40 Cloves Garlic Chicken
Type of dish: Entree
Yield: Four servings
Ingredients:
1 large (2 1/2 to 3 pound) broiler-fryer chicken
MARINADE
2 tablespoons olive oil
2 tablespoons CHRISTOPHER RANCH
Heirloom Garlic, minced
Leaves from 1 sprig rosemary, minced
Salt and freshly ground pepper
SAUCE
1 cup dry red wine
1 shallot, quartered
4 Heirloom Garlic cloves, chopped
Leaves from 1 sprig rosemary, minced
Leaves from 2 sprigs thyme, minced
1 1/4 cup heavy cream
1/2 cup unsalted butter, cut into chunks
Salt and freshly ground black pepper
1 1/2 cups roasted Heirloom Garlic cloves
Preparation:
Remove the giblets from the chicken and reserve for another use. With a large, sharp knife, cut the chicken in half lengthwise, then cut in half crosswise to separate the breast from the thighs.
To make the marinade:
Combine all the ingredients in a small bowl. Put the chicken parts in a heavy
resealable plastic bag, pour the marinade over the chicken, and seal the bag. Work your hands over
the bag until the liquid covers all the chicken parts. Place the bag in the refrigerator for one to three
hours.
To make the sauce:
In a heavy saucepan, combine the wine, shallot, garlic, rosemary, and thyme. Bring to a boil over high heat, then decrease the heat to medium-low and cook, stirring occasionally, for two to three minutes. Gradually stir in the cream and cook to reduce the liquid by one-third, about 10 minutes. Add the butter in batches, stirring to melt. Season with salt and pepper. Pass the sauce through a fine-meshed sieve, cover, and set aside.

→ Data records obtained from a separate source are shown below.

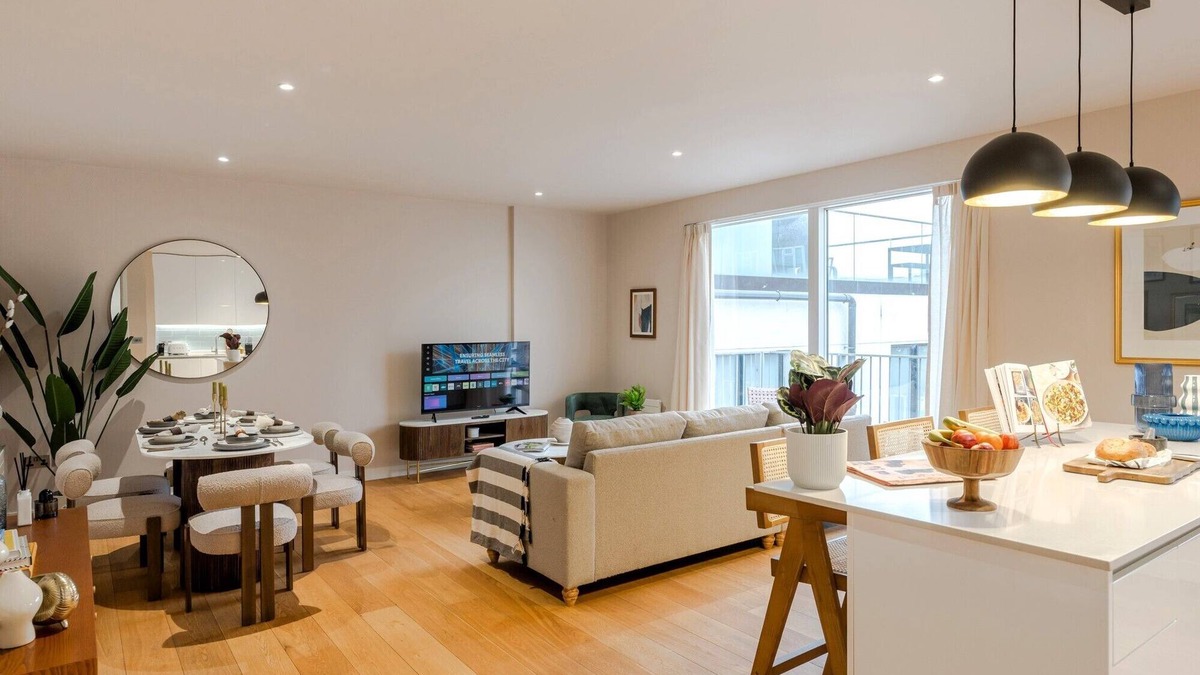 Angel Apartment | King's Cross | 2 Bedroom Apartment (Balcony)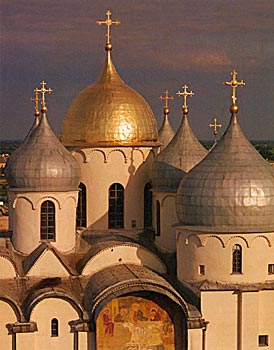 The Cathedral of St. Sophia :: Novgorod, view over the domes from the west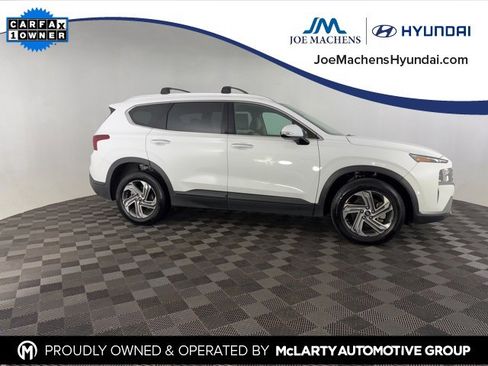 Certified 2023 Hyundai Santa Fe SEL image 2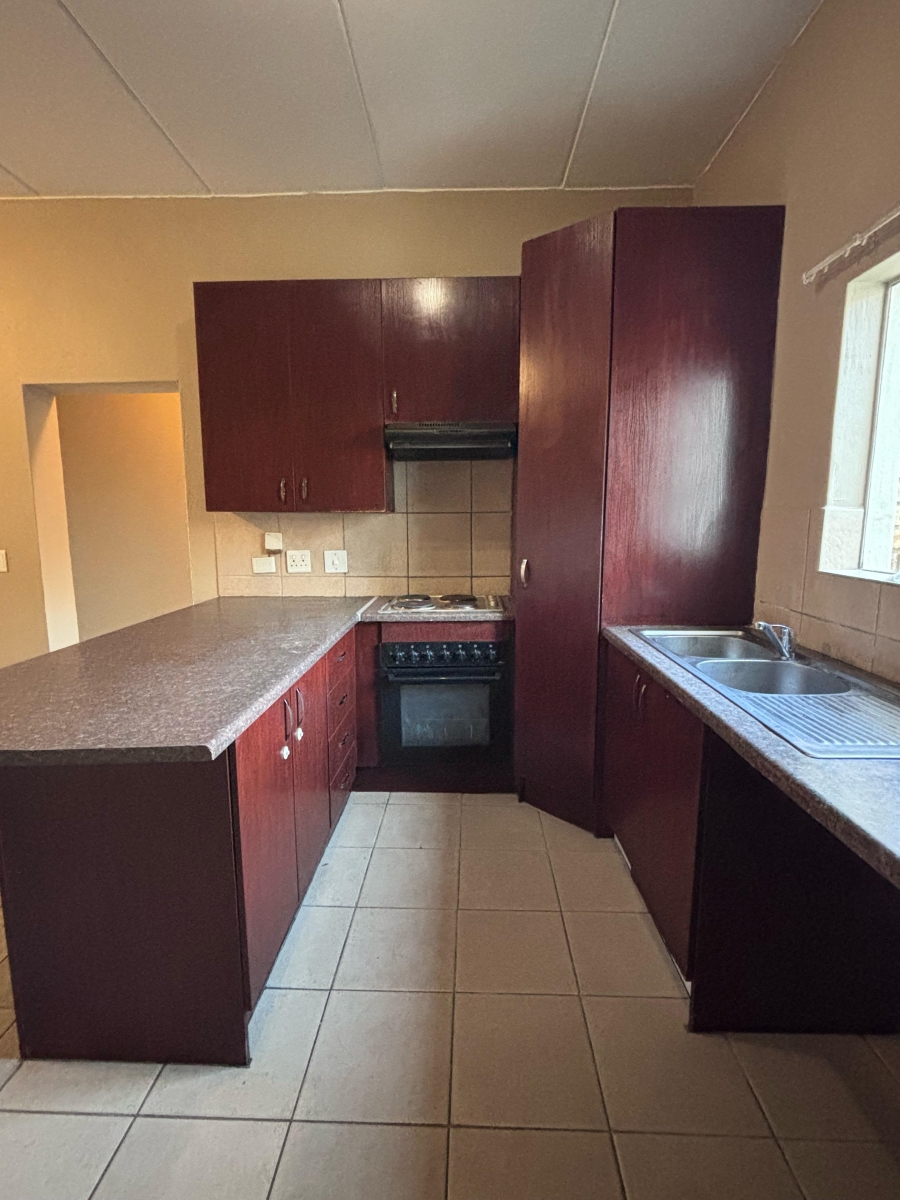To Let 3 Bedroom Property for Rent in North Riding Gauteng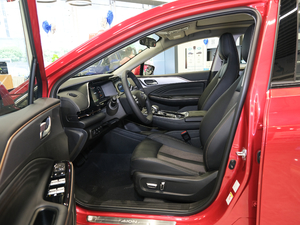 2020款魅Evo 630	 前排空间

Preheat the oven to 350 F degrees. Put the chicken in a heavy baking dish and bake for 20 minutes. Remove from the oven, turn the chicken pieces over, and baste with the pan juices. Return to the oven and bake for another 20 minutes, or until the skin is crackly and golden brown and the meat is opaque throughout.
Arrange the chicken on a serving platter. Pour the warm sauce over the chicken and sprinkle with the Heirloom roasted garlic cloves. Serve immediately.